→ ACTION ITEM
Which lines in the entries below contain the string "Christmas"? Show each of them in full.

INPUT: Begin

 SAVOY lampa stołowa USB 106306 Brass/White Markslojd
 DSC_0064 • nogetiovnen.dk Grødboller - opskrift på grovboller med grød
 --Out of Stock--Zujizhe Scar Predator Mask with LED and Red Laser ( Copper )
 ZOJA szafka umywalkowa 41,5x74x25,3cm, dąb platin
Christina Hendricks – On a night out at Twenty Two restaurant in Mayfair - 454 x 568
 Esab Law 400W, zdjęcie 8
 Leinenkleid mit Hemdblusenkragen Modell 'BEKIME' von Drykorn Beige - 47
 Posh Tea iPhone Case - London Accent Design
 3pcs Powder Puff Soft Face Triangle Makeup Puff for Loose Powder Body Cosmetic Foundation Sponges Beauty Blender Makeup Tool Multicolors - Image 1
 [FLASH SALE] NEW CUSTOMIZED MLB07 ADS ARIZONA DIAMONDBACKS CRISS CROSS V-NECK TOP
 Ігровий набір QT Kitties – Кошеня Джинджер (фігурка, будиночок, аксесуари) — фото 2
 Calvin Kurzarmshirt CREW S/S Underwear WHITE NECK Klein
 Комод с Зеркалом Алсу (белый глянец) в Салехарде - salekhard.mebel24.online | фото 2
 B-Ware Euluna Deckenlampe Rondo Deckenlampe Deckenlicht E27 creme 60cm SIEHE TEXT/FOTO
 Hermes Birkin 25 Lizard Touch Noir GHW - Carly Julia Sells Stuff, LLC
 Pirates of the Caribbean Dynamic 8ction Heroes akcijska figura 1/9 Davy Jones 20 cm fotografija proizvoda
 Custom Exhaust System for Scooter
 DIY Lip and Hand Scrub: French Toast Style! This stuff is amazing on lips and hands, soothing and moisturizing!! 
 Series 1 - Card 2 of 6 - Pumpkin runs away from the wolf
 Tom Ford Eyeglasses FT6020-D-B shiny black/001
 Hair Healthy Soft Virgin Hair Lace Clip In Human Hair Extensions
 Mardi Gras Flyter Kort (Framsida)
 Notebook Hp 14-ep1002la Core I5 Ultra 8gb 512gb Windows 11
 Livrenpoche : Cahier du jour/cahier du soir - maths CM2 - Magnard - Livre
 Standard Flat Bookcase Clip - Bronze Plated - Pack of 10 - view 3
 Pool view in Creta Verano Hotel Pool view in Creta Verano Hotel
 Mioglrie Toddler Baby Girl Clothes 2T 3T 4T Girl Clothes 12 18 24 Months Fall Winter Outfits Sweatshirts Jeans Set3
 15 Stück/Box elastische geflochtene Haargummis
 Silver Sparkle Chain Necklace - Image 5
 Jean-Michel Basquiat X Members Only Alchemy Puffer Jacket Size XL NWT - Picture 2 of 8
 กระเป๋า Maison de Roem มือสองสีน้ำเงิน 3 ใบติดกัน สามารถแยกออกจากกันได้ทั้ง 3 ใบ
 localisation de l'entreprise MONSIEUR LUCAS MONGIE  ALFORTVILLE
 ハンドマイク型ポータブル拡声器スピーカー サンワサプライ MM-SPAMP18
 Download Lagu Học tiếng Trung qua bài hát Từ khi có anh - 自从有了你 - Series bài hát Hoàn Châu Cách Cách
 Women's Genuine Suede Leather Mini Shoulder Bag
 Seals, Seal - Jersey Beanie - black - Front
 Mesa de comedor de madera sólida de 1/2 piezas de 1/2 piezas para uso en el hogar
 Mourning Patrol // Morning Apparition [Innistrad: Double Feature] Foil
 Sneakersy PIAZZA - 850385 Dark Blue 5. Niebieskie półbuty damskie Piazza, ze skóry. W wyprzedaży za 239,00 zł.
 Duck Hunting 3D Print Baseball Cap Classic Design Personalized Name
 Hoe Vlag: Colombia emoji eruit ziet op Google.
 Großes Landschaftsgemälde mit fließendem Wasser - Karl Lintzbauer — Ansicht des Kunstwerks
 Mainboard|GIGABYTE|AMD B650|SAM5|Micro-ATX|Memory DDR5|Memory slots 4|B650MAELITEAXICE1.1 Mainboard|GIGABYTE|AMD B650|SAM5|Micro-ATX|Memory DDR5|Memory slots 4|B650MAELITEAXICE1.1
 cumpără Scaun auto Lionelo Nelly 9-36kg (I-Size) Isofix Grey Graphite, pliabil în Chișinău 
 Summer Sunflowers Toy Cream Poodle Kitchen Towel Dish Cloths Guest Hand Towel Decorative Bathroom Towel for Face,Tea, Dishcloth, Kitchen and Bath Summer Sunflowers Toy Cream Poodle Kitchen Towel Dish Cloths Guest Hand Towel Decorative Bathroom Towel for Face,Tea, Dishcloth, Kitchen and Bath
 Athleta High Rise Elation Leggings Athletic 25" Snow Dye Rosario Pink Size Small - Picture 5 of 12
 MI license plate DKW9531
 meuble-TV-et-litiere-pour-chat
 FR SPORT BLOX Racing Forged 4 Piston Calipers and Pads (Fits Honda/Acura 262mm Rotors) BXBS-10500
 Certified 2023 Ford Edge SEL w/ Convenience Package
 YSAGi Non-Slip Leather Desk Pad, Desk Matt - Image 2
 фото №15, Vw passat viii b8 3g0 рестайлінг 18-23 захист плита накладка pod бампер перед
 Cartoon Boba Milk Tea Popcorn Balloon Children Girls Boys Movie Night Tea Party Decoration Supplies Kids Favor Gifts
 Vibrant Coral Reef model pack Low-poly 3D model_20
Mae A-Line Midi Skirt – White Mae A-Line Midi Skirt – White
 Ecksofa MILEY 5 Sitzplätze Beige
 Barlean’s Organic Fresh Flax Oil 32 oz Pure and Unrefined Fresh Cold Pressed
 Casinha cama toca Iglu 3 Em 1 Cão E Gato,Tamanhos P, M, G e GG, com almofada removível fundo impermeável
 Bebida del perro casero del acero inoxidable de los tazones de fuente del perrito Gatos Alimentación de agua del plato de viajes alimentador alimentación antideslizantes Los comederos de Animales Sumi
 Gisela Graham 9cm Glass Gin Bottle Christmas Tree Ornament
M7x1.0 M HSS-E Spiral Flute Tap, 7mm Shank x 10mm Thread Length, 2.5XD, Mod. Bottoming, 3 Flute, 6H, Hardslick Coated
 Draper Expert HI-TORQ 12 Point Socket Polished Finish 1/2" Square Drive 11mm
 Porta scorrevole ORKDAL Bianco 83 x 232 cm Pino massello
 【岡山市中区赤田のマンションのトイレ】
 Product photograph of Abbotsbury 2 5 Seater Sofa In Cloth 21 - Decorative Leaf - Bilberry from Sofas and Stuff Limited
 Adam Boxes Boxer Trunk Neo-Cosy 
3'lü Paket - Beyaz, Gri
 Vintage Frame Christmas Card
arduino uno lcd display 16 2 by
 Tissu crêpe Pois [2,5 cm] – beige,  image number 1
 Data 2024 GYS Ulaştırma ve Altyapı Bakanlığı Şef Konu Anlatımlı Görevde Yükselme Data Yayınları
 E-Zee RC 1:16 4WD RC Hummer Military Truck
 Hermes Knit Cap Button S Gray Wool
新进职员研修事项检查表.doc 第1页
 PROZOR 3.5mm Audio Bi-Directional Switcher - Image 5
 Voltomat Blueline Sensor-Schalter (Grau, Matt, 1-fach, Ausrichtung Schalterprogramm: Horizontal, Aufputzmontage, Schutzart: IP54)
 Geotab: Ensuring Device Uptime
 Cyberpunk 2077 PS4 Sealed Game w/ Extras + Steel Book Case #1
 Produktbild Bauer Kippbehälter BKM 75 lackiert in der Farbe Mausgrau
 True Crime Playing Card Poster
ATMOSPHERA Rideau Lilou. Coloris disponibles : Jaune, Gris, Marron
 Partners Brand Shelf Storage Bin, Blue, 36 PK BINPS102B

INPUT: End

→ TASK RESULT
 Gisela Graham 9cm Glass Gin Bottle Christmas Tree Ornament
 Vintage Frame Christmas Card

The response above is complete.